Japan briefs: Takeda files for Azilva comb; Sandoz seeks filgrastim biosimilar approval

Japan’s largest drugmaker Takeda Pharmaceutical (TYO: 4502) says that it submitted a New Drug Application to the Ministry of Health, Labor and Welfare in Japan for a fixed-dose combination of Azilva (azilsartan) and amlodipine besylate tablets for treatment of hypertension.

Discovered by Takeda, Azilva is a potent and lasting angiotensin II receptor blocker (ARB) that lowers blood pressure by inhibiting the action of angiotensin II, a vasopressor hormone. Amlodipine besylate is a calcium channel blocker (CCB) having a hypotensive action by blocking inward calcium ion channels mainly in vascular smooth-muscle cells, resulting in peripheral arteriolar vasodilation.

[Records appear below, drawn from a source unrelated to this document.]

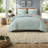 -Piece King Comforter Bedding Sets, Sage Floral Cotton Blend, All-Season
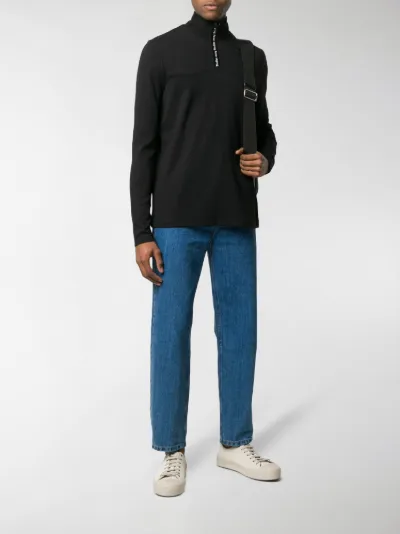acne studios half zip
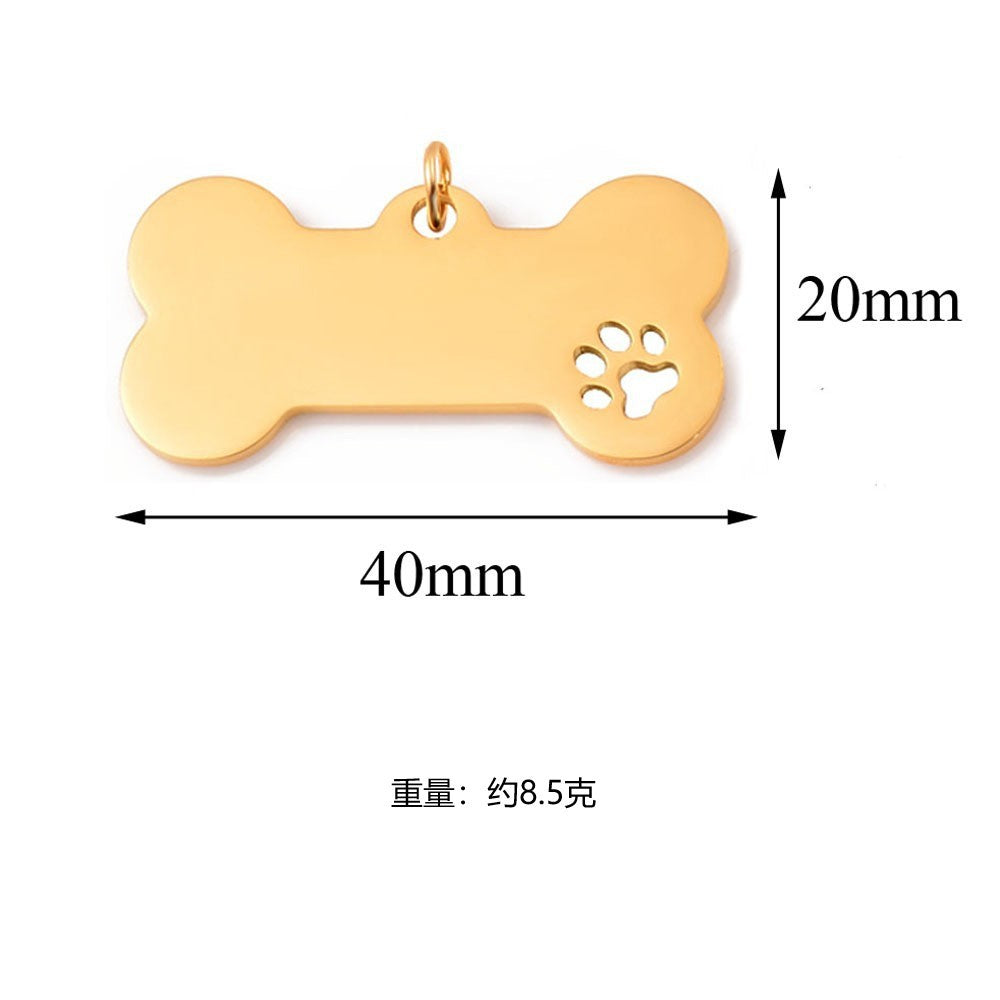 Herren gravierbare Hundemarken in Knochenform Shop Nory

Takeda conducted a multicenter, randomized, double-blind controlled Phase III clinical trial with 568 patients with grade I (mild) and II (moderate) hypertension, in which the efficacy and safety of a fixed dose of Azilva and amlodipine besylate were compared with monotherapy of either Azilva or amlodipine besylate. The anti-hypertensive effect in diastolic blood pressure in the sitting position as the primary endpoint, of the combination was statistically significant as compared to monotherapy with either one of the two drugs. The therapy was also demonstrated to have a safety and tolerability profile comparable to each of the monotherapies.